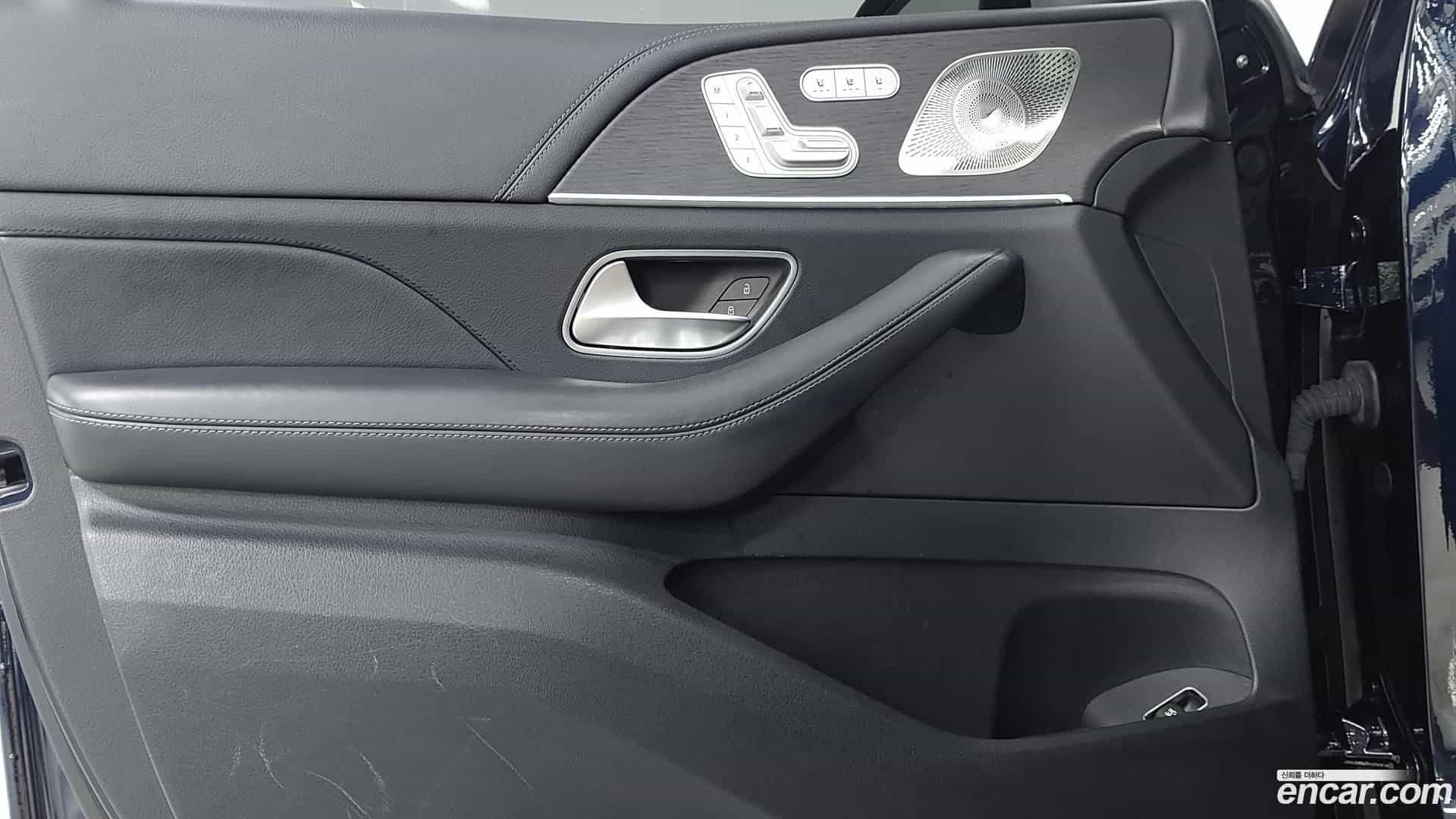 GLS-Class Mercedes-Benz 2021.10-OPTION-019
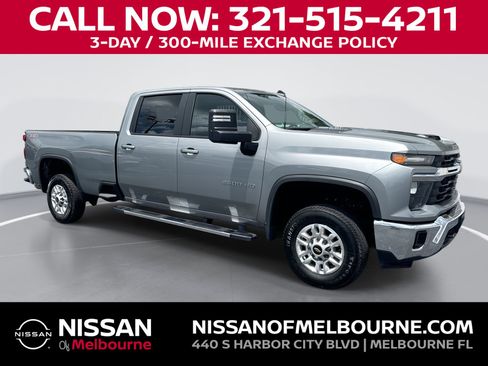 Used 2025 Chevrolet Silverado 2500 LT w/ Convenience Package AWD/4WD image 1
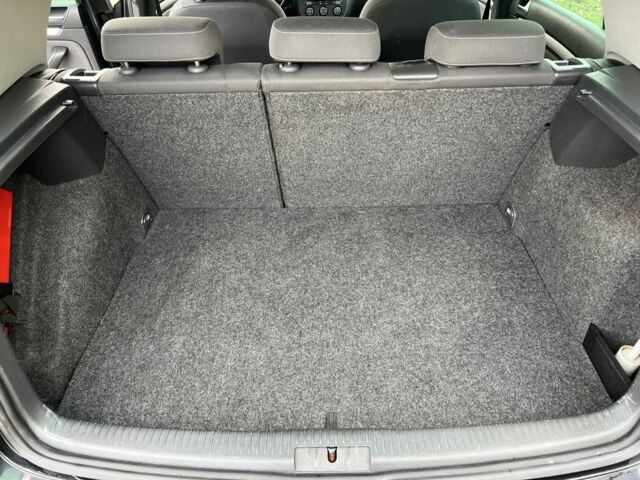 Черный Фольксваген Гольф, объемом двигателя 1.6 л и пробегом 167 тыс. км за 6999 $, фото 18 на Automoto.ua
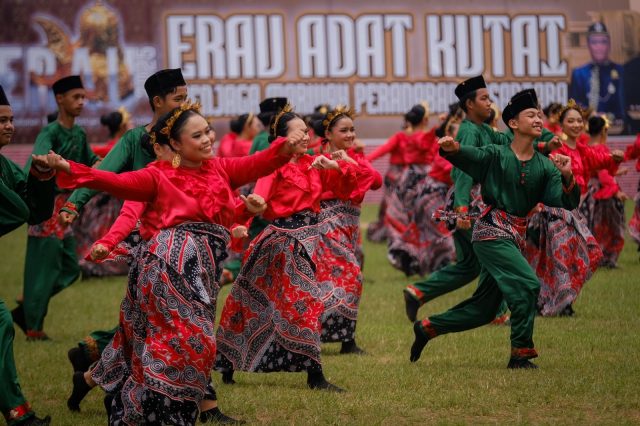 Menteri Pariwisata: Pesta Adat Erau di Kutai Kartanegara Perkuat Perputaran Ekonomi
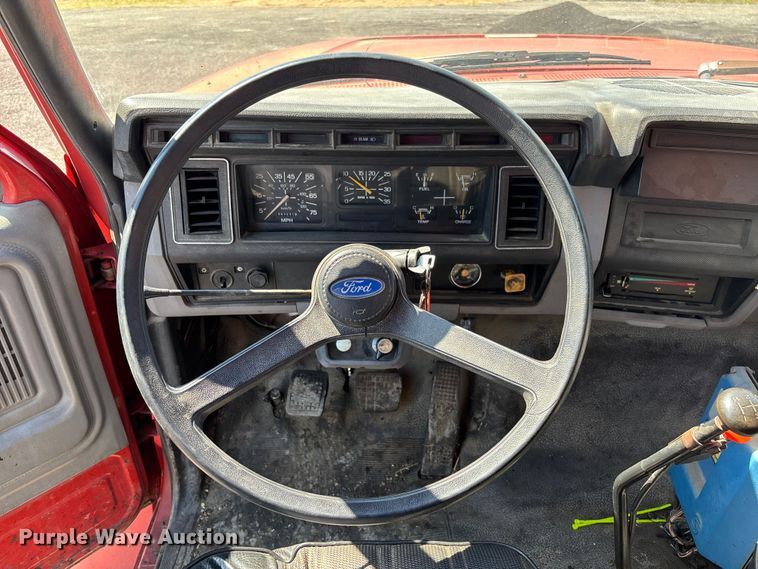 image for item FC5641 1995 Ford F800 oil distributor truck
---
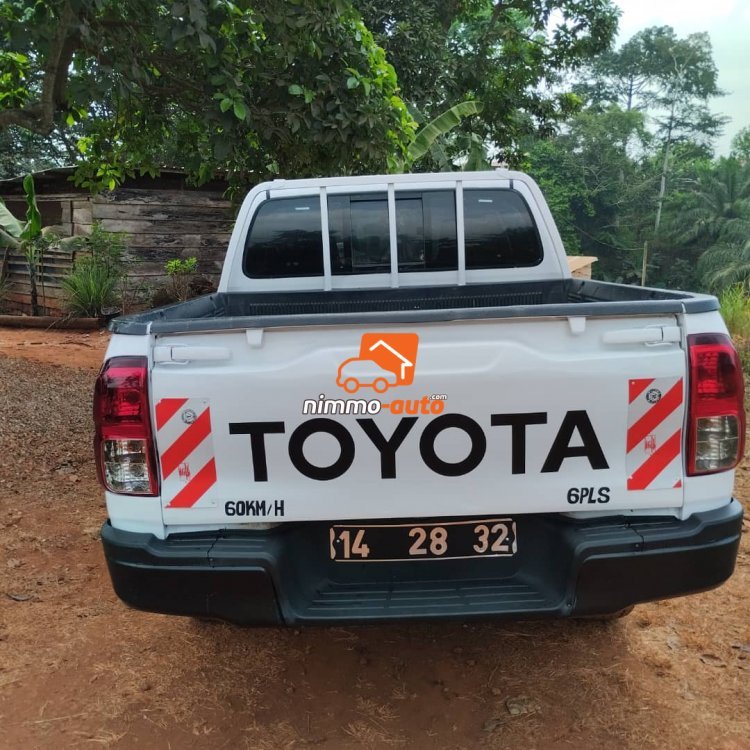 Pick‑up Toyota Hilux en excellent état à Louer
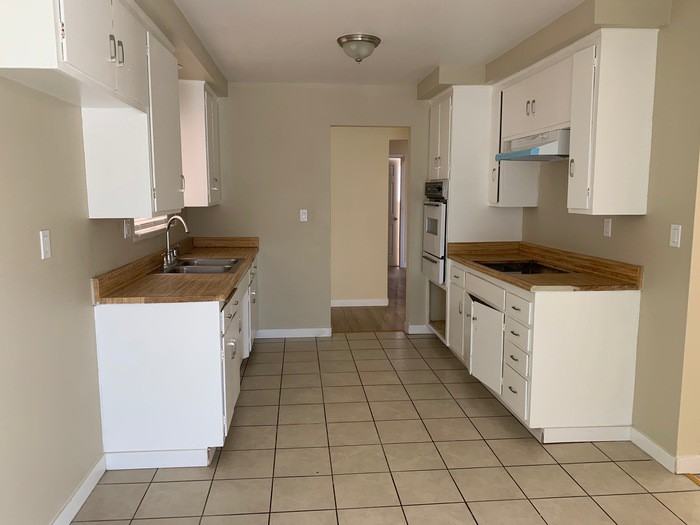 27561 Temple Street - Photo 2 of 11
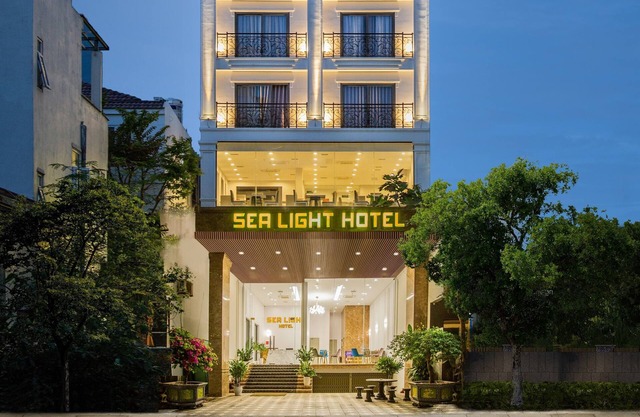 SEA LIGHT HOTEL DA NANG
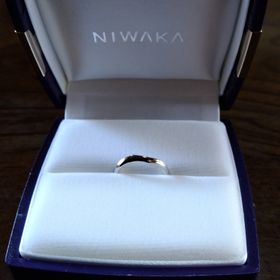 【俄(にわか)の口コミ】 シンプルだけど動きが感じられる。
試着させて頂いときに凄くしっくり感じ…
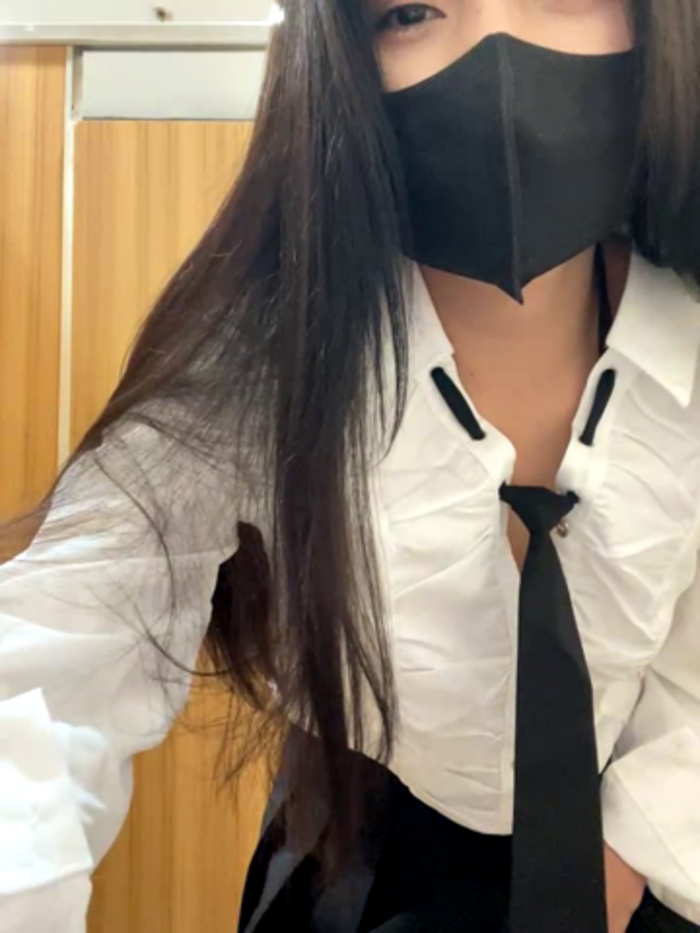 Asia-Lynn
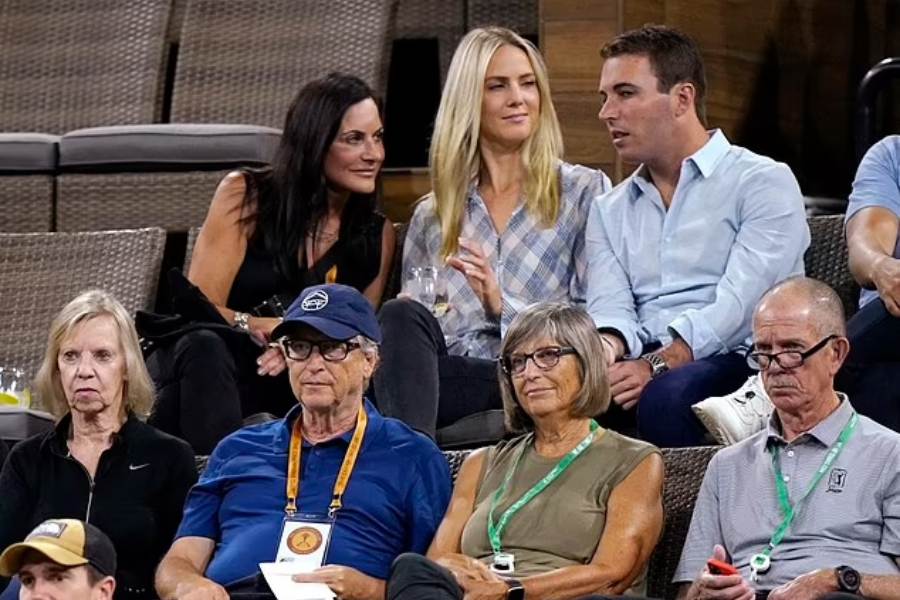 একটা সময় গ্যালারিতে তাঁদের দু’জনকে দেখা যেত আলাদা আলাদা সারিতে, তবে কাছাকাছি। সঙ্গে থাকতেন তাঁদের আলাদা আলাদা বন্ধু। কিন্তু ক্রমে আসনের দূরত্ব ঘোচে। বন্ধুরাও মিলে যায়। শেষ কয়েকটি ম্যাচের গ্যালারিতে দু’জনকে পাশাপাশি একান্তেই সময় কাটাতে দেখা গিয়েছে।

### EXERCISE GOAL
Lines wanted from the entries above: the one with "Used 2025 Chevrolet", the one with "image for item", and all lines between. Please copy them exactly, without the pictures and without anything else.

### OUTPUT OF THE EXERCISE
 Used 2025 Chevrolet Silverado 2500 LT w/ Convenience Package AWD/4WD image 1
 Черный Фольксваген Гольф, объемом двигателя 1.6 л и пробегом 167 тыс. км за 6999 $, фото 18 на Automoto.ua
 Menteri Pariwisata: Pesta Adat Erau di Kutai Kartanegara Perkuat Perputaran Ekonomi
 image for item FC5641 1995 Ford F800 oil distributor truck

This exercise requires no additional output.